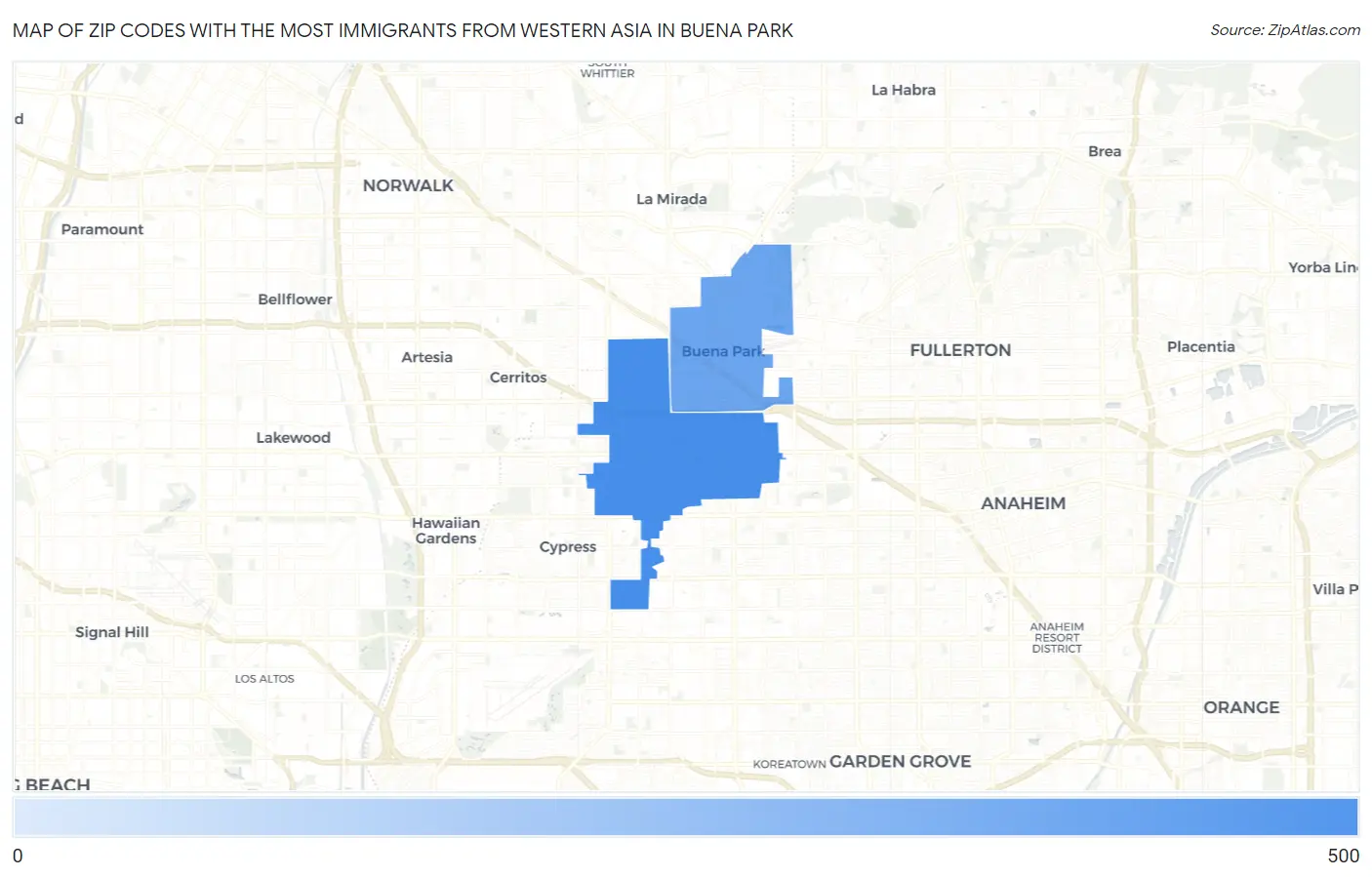 Zip Codes with the Most Immigrants from Western Asia in Buena Park Map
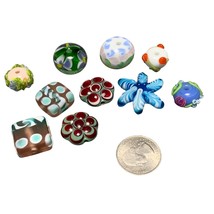 Handmade Lampwork Glass Beads Set - Floral &amp; Polka Dot Designs - Jewelry Making - £28.98 GBP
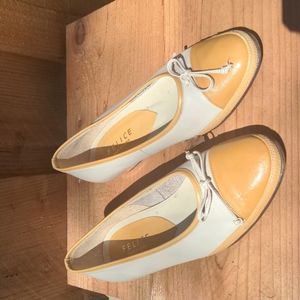 Felice Leather Flats Cap Toe Bow Ballets Shoes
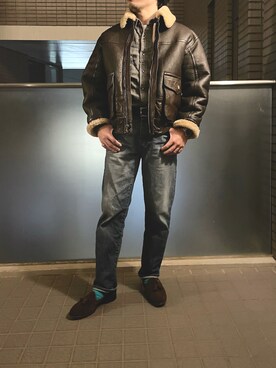 「Willis&Geiger（ウィリスアンドガイガー）のアイテム」を使った、ふーがさん（メンズ・172cm）の冬コーディネート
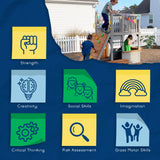 Funphix Large Playhouse for Kids Outdoor Wooden Playhouse with Sandbox, Bench, Play Telescope, Ladder, Climbing Ramp & Doors - Durable 2 Levels Lookout Post Outdoor Playset for Backyard Funphix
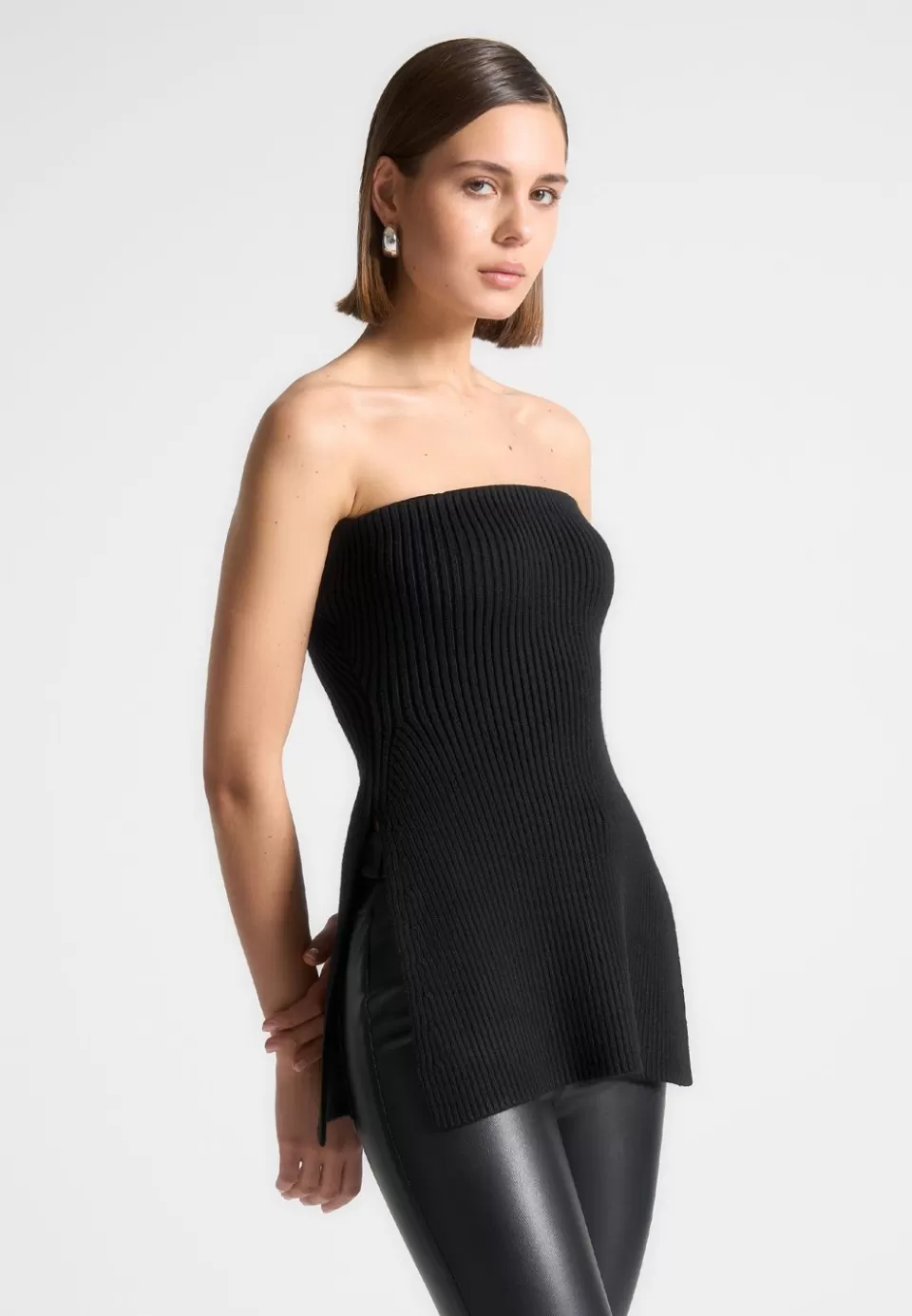 Manière De Voir Rib Knit Longline Bandeau Top>Woman Knitwear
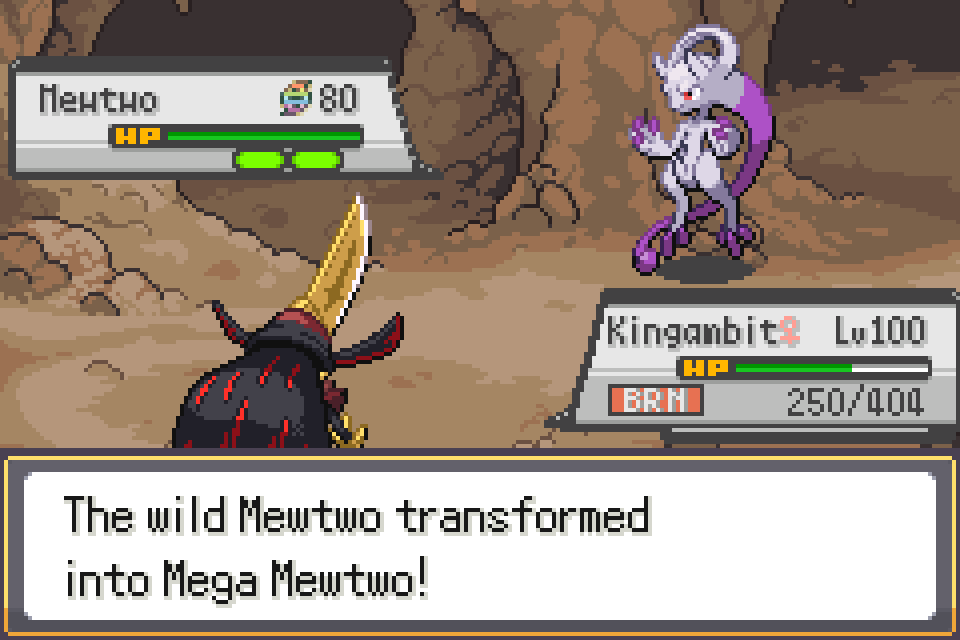 SoulGold battle showing Mewtwo transformed into Mega Mewtwo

How to complete this task.
Only the lines from the line that contains "Felice Leather Flats" through the end of the entries are to be written out, exactly and without pictures, both ends included.

Solution to this exercise.
 Felice Leather Flats Cap Toe Bow Ballets Shoes
 「Willis&Geiger（ウィリスアンドガイガー）のアイテム」を使った、ふーがさん（メンズ・172cm）の冬コーディネート
 Funphix Large Playhouse for Kids Outdoor Wooden Playhouse with Sandbox, Bench, Play Telescope, Ladder, Climbing Ramp & Doors - Durable 2 Levels Lookout Post Outdoor Playset for Backyard Funphix
 Manière De Voir Rib Knit Longline Bandeau Top>Woman Knitwear
 SoulGold battle showing Mewtwo transformed into Mega Mewtwo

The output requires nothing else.